**EXERCISE:** At the line with "Pickled mushrooms in", start transcribing; stop after the last line of the data below. Keep it exact and leave pictures out.

**INPUT DATA:**

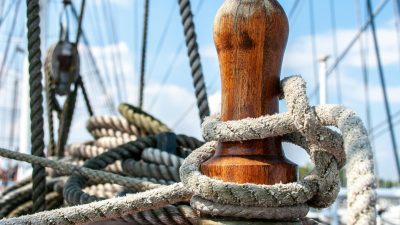 close up of nautical ropes and wooden cleat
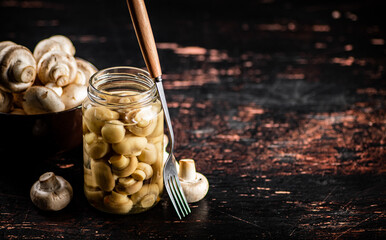 Pickled mushrooms in a glass jar on the table. 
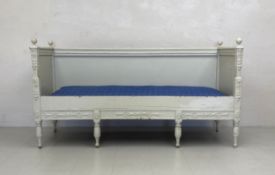 A 19th century painted Swedish Gustavian sofa with raised back and sides and carved detail on leaf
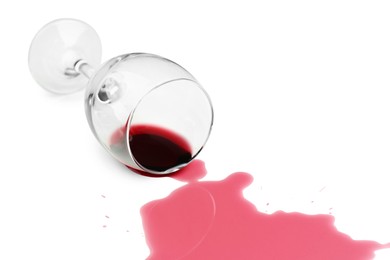 Photo of Overturned glass and spilled wine on white background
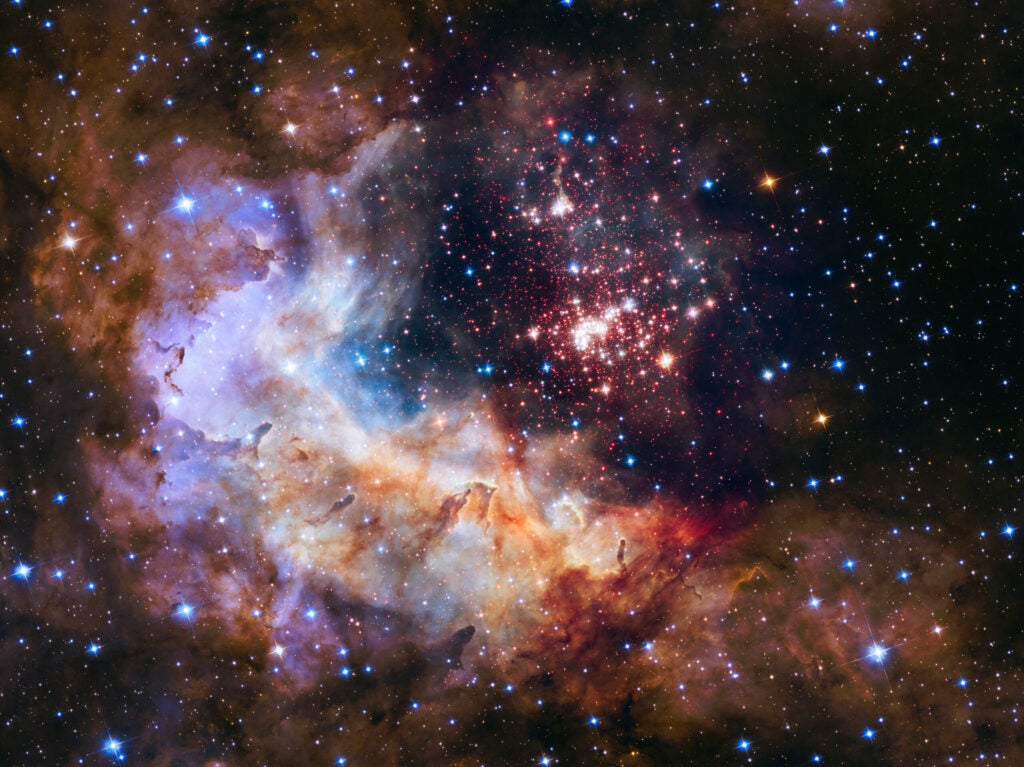 Stars and gas shining bright, in space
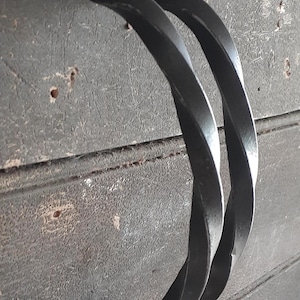 May include: Two black metal twisted handles with a silver screw in each. The handles are mounted on a wooden surface.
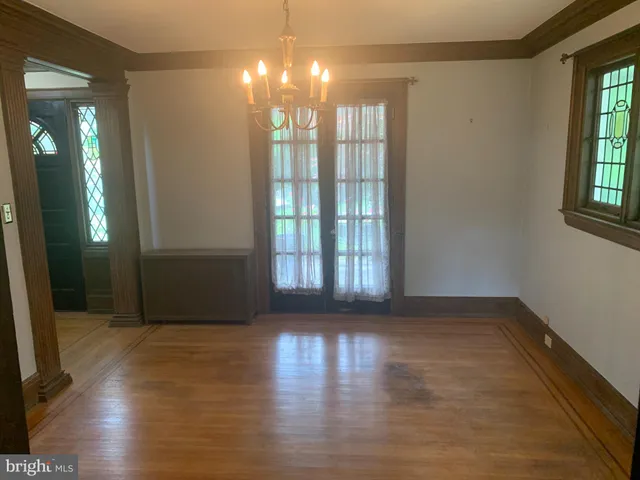 a view of livingroom with hardwood floor and window
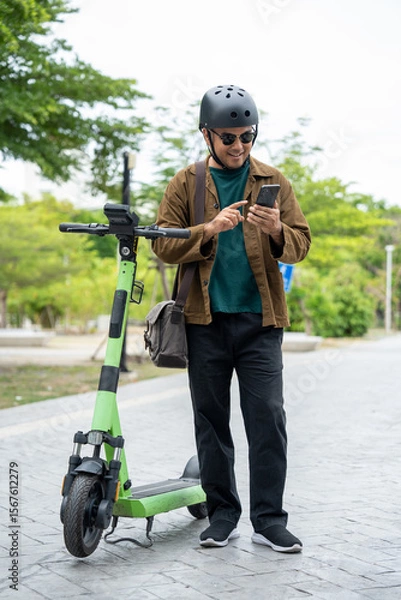 Obraz Young Asian man rent the scooter EV scan by smartphone. Sustainable save energy lifestyle. Commute and carbon neutral transportation. Asian tourist man put on helmet ride the scooter EV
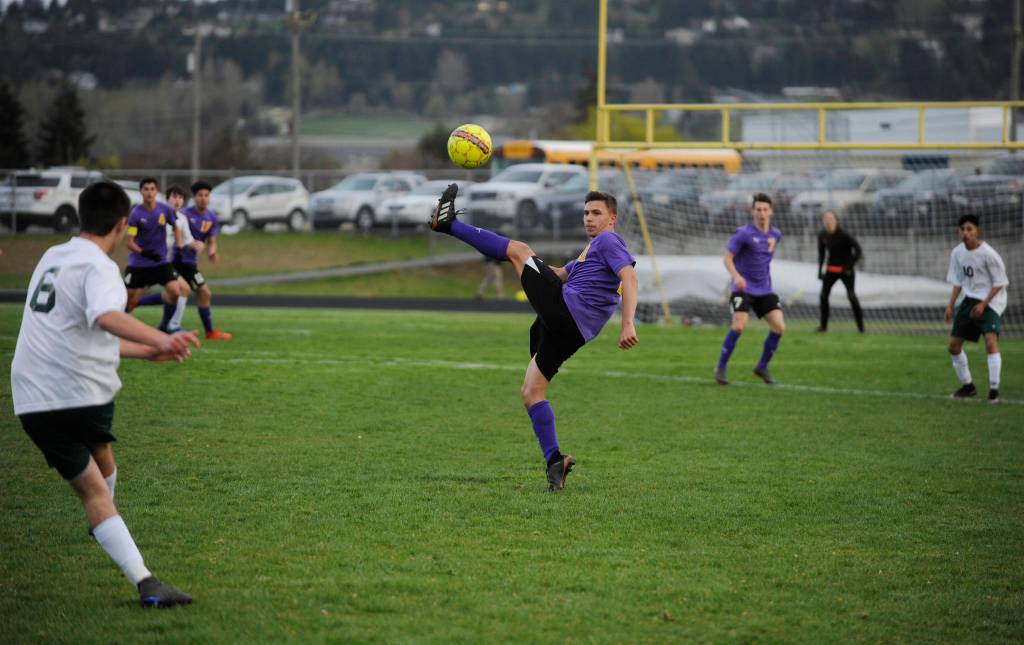 Sequims Mathys Tanche, center, looks to deflect a free kick from Port Angeles Kaleb Baier in the Wolves 1-0 win on April 9. Sequim Gazette photo by Michael Dashiell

**ANSWER TO THE EXERCISE:**
 Pickled mushrooms in a glass jar on the table. 
 A 19th century painted Swedish Gustavian sofa with raised back and sides and carved detail on leaf
 Photo of Overturned glass and spilled wine on white background
 Stars and gas shining bright, in space
 May include: Two black metal twisted handles with a silver screw in each. The handles are mounted on a wooden surface.
 a view of livingroom with hardwood floor and window
 Obraz Young Asian man rent the scooter EV scan by smartphone. Sustainable save energy lifestyle. Commute and carbon neutral transportation. Asian tourist man put on helmet ride the scooter EV
 Sequims Mathys Tanche, center, looks to deflect a free kick from Port Angeles Kaleb Baier in the Wolves 1-0 win on April 9. Sequim Gazette photo by Michael Dashiell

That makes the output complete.